I won't buy any Bitcoins anytime soon. But you're welcome to donate from the gains you'd be making by actively trading
My gains are all in USD now. All my other coins will stay in deep deep cold lockup until they are either worthless or my life savings.
Now I have to stay glued to charts drawing triangles and waiting for moves so I can know when to start buying back my coins. If my targets work I will be up 25 coins or so by the end.
I do not like trading much but the technical stuff is too strong ATM.
Well good luck with that.
I believe it'll be worth it as long as Bitcoin is this volatile. Maybe some day active trading will cease becoming attractive but I suggest you take advantage of it while it last.
I believe "Facts" (as opposed to just analysis) as a result of announcements is the way to make money out of it. Facts are facts...and as long as it's clear whether the facts are negative or positive news, it'll be easy to predict the direction of Bitcoins value as a reaction to those news. And since its too volatile ATM, it should be fairly easy to make decent profits, even if your timing was not 100% accurate (Margin of error is wide in such cases)...

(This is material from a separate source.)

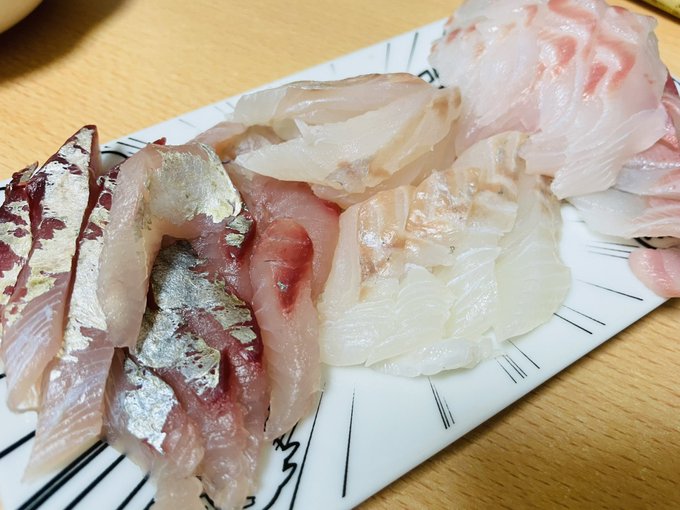 本日の晩ご飯は伊豆大島で釣ってきたロウニンアジ・ホウセキキントキ・イシガキダイのお刺身!!ロウニンアジは思ったよりアジだけど脂はそこまでかな?って感じ 普通においしいぐらい
ホウセキキントキは美味い!脂乗ってるし身も甘くて柔らかい!
そしてイシガキダイは…言うまでもなく絶品!!!! 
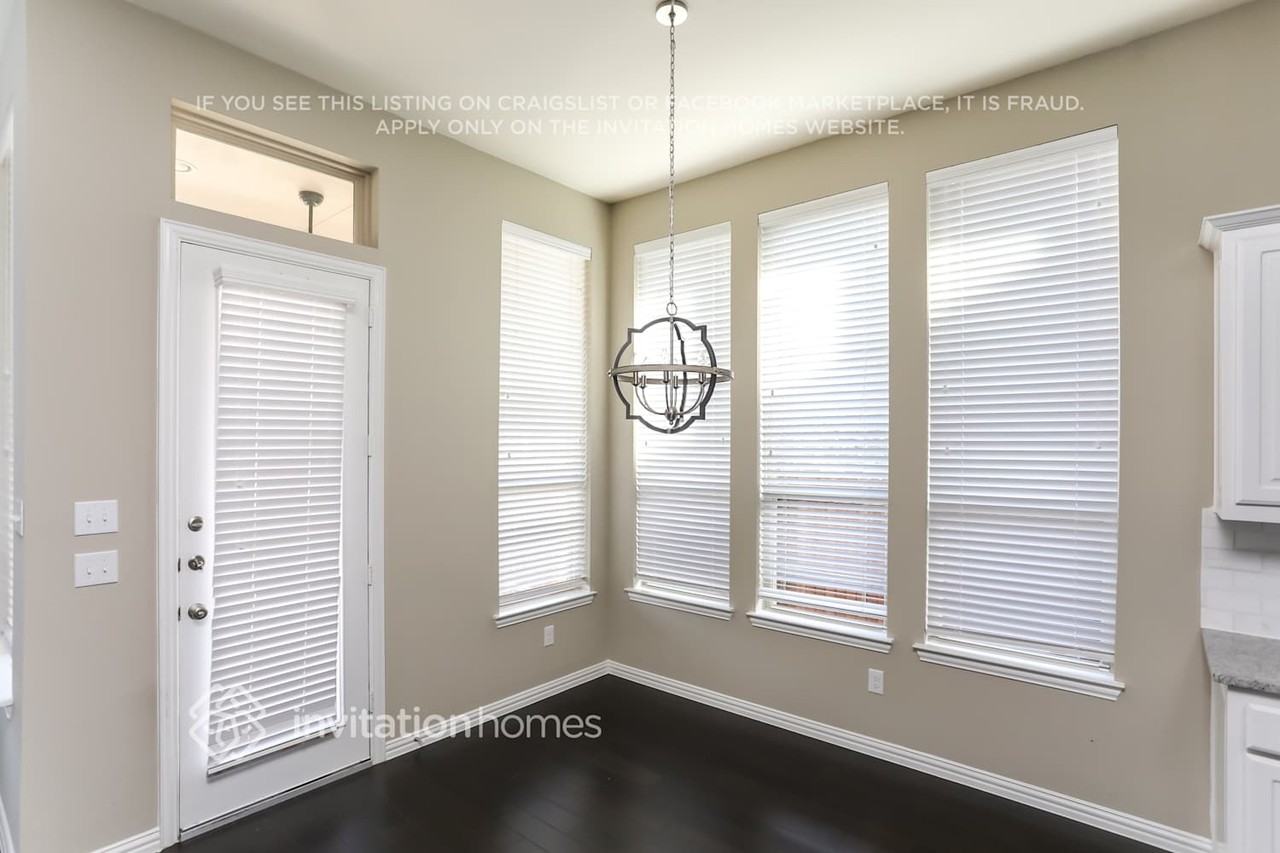 1014 Finsbury Ln - Photo 6 of 15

You just have demonstrated again that you are a clueless troll.
If it is so easy to trade based on "facts" why aren't you filthy rich?
Both the stock market and Bitcoin are full of "facts". But anybody with half a brain knows that markets are irrational.
You, sir, are a pitiful troll looking for attention. Probably butthurt because you didn't buy BTC at single digits.
Sorry for that, move on.
When will your peanut-sized brain understand that the Bitcoin market does not
currently behave in as a complicated way as the stock market?
The stock market is a complex system that has much more variables at play than that of Bitcoin, which is governed by fewer variables making it easier (much easier in fact) to predict.
So while the value of an S&P 500 company might be subject to 100 different variables (having strong correlation with), Bitcoin might only have 4 or 5 of those variables (just to illustrate my point).
That was point number 1.
And point number 2 says the following: Facts are different than analysis, in that facts are events that
already happened. FACTS are not just speculations, FACTS have a more predictable effect on the movement of things that belongs to its direct (then indirect) ecosystem. Cause-effect, ever heard of it, you dimwit?
So for example if a company has 80% of its expenses as oil (FACT) and if oil price went up by 100% in a single day (another FACT) then you'd expect the stock of that company to go down (cause-effect). How hard would it be to predict that? (I'm not sure how hard it would be for your mediocre brain but for anything below an IQ or 30 it's pretty straight forward)
I agree Cause-effect might be harder to predict in complex systems but easier in emerging, non-mature, less-complex systems like that of Bitcoin.
Now if I ask a person with an IQ above 30 what he thinks will happen to the value of a Bitcoin (given it's current state) if FACTS say that it's been given negative news in a country like China (where it had one of the biggest market share concentration)...then clearly the person above the IQ of 30 will predict that Bitcoin will go down in value.
But it seems you still have a long way to go before you reach that level of intelligence.
Now do me a favor and read all my previous comments before you come here and start trolling like a stupid maniac because I've already answered concerned similar to the ones you raised and I hate to always repeat myself.